- **WHAT YOU SHOULD DO**: With the images excluded, set down every line of the listing below exactly.

------ LISTED RECORDS

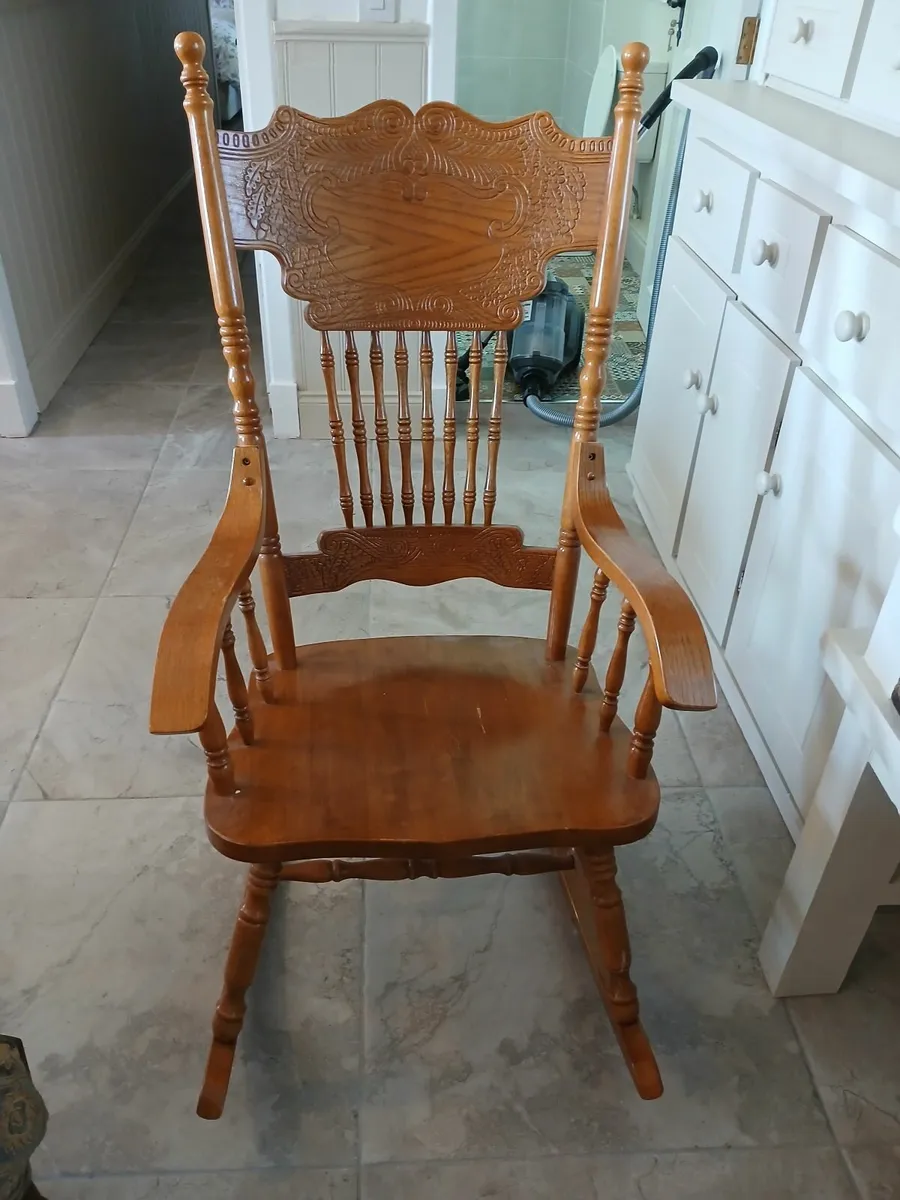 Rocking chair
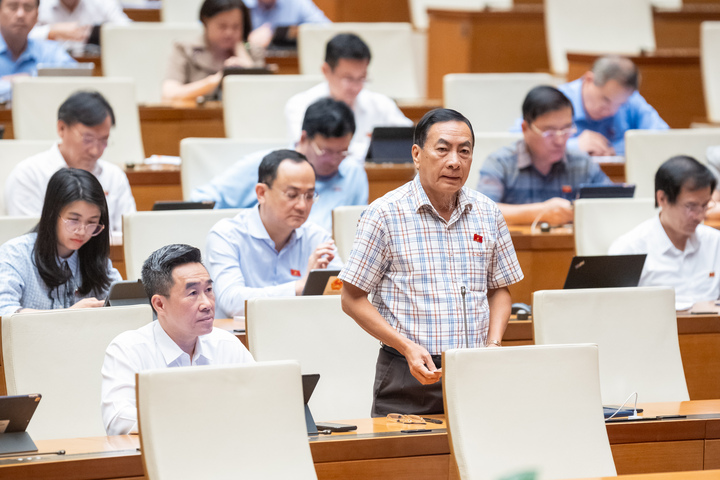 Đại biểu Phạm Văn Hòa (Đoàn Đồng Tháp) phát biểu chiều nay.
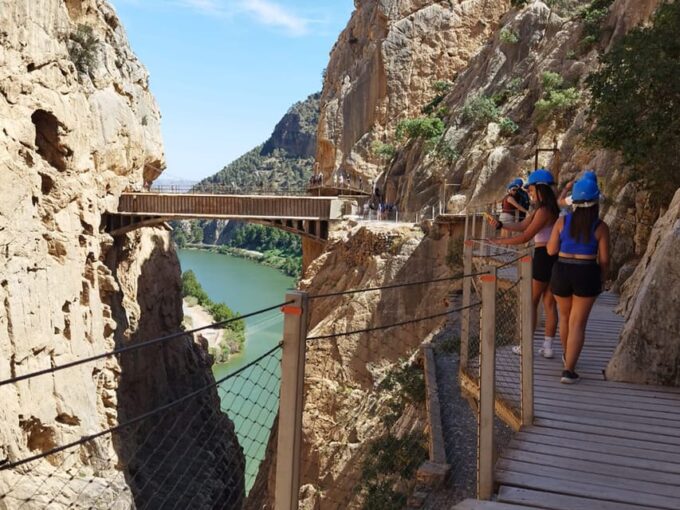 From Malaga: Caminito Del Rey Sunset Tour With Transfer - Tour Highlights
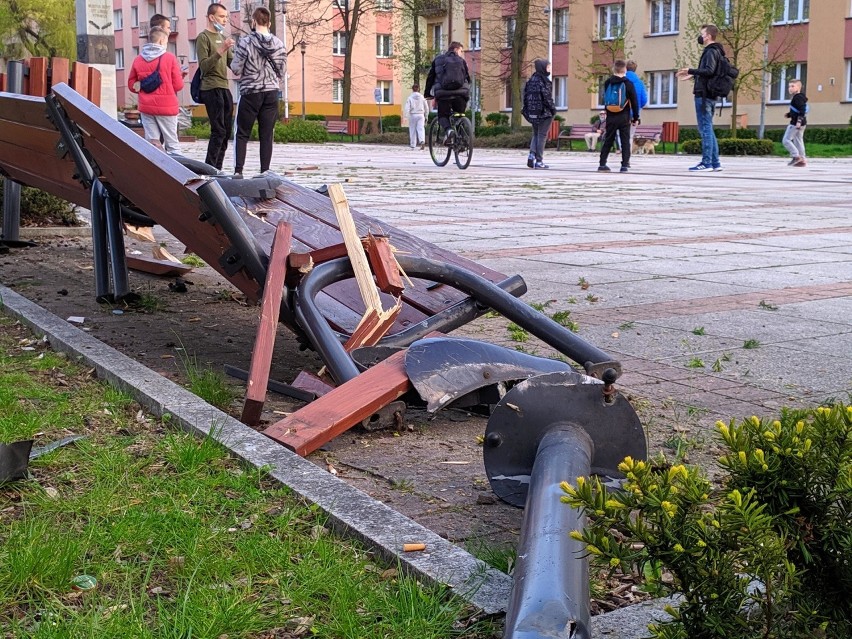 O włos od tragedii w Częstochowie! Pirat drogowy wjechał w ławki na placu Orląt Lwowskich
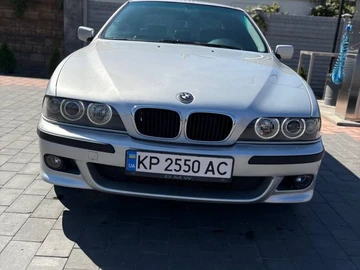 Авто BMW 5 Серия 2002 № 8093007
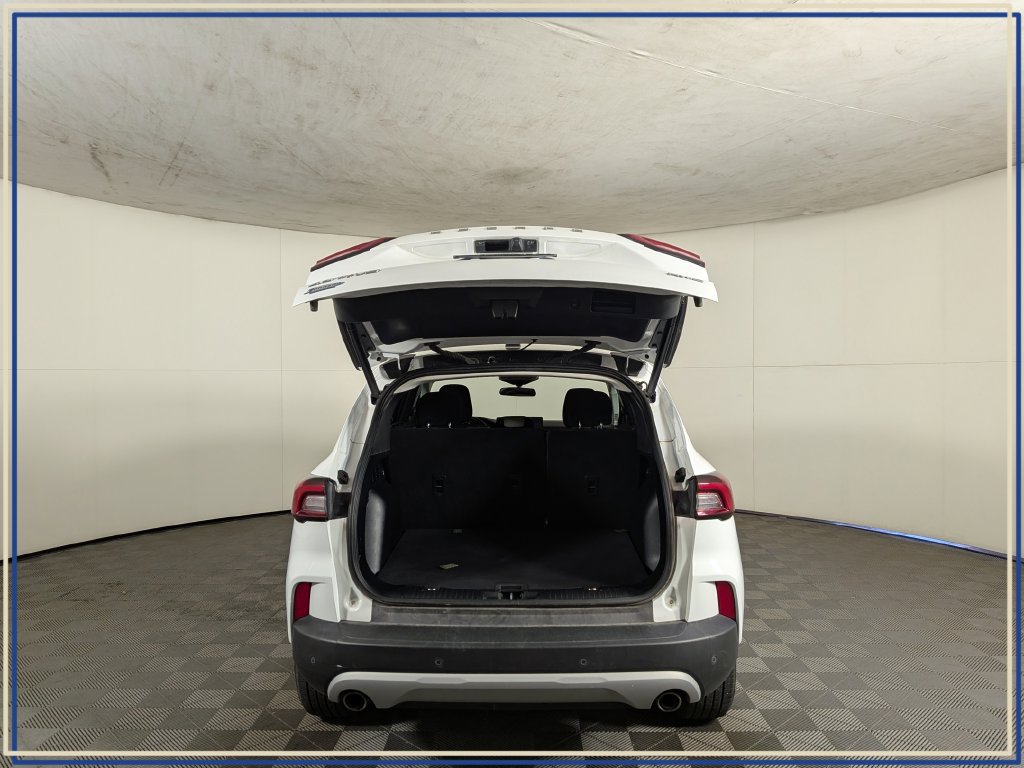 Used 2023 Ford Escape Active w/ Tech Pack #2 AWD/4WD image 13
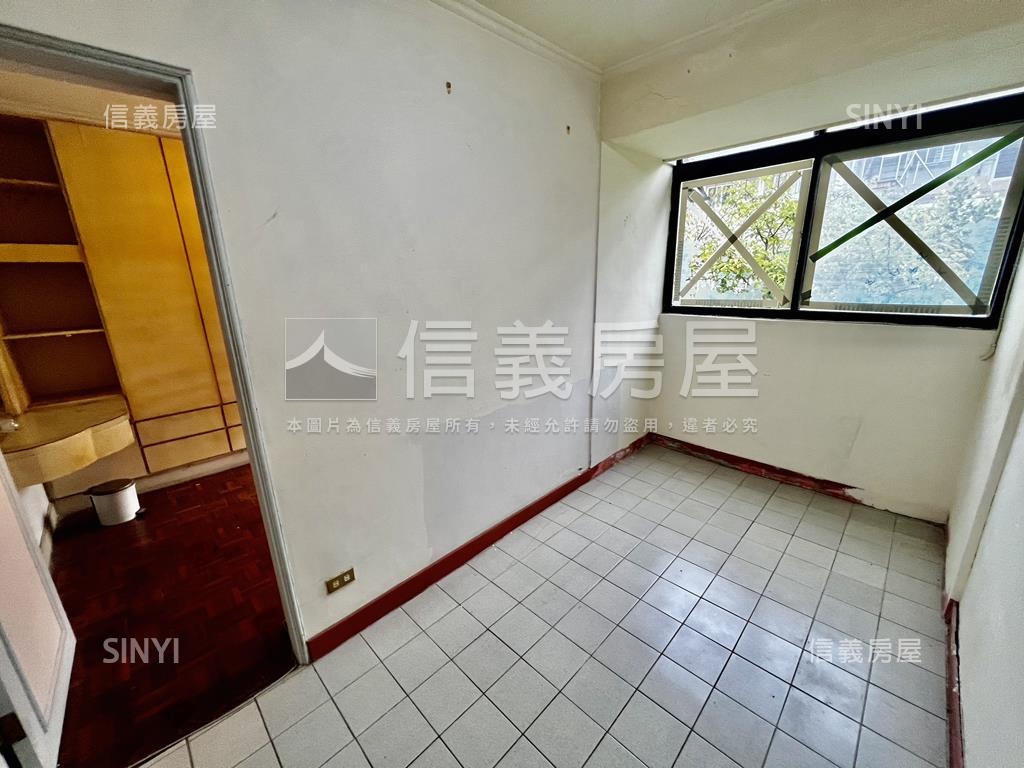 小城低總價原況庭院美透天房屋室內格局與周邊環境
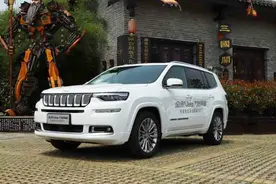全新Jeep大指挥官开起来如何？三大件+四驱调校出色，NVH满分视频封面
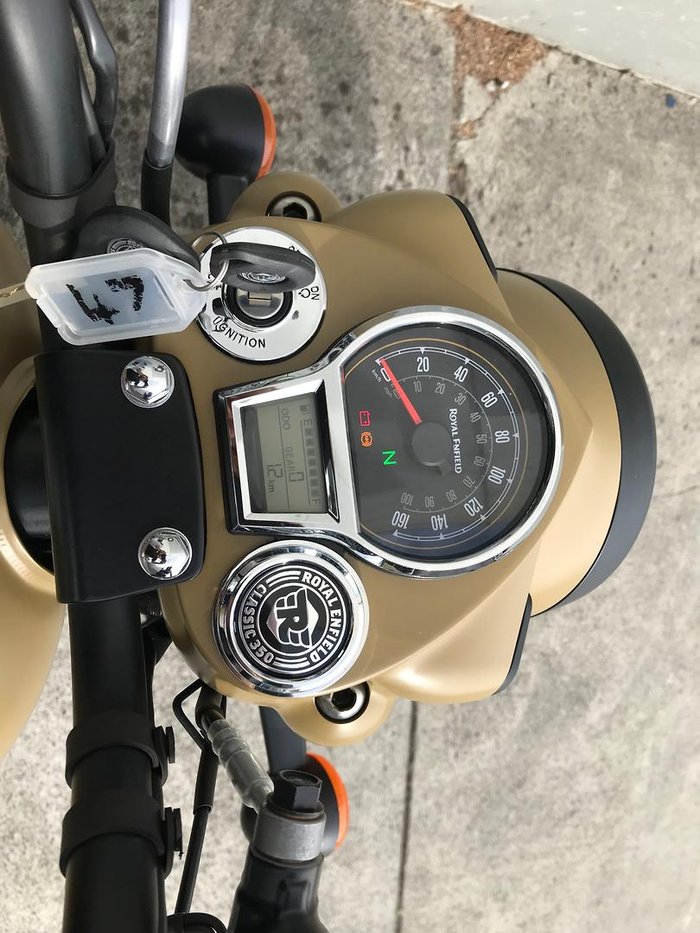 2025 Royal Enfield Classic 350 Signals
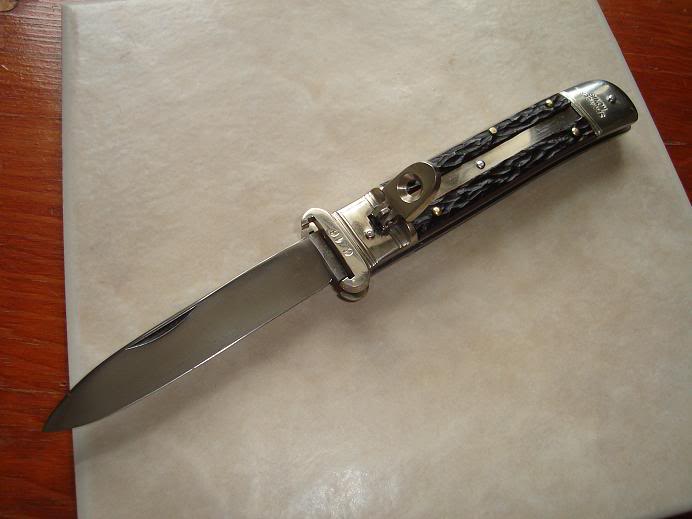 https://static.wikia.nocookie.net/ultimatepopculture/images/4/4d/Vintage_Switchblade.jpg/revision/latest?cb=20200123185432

------------

- **RESULT OF THIS EXERCISE**:
 Rocking chair
 Đại biểu Phạm Văn Hòa (Đoàn Đồng Tháp) phát biểu chiều nay.
 From Malaga: Caminito Del Rey Sunset Tour With Transfer - Tour Highlights
 O włos od tragedii w Częstochowie! Pirat drogowy wjechał w ławki na placu Orląt Lwowskich
 Авто BMW 5 Серия 2002 № 8093007
 Used 2023 Ford Escape Active w/ Tech Pack #2 AWD/4WD image 13
 小城低總價原況庭院美透天房屋室內格局與周邊環境
全新Jeep大指挥官开起来如何？三大件+四驱调校出色，NVH满分视频封面
 2025 Royal Enfield Classic 350 Signals
 https://static.wikia.nocookie.net/ultimatepopculture/images/4/4d/Vintage_Switchblade.jpg/revision/latest?cb=20200123185432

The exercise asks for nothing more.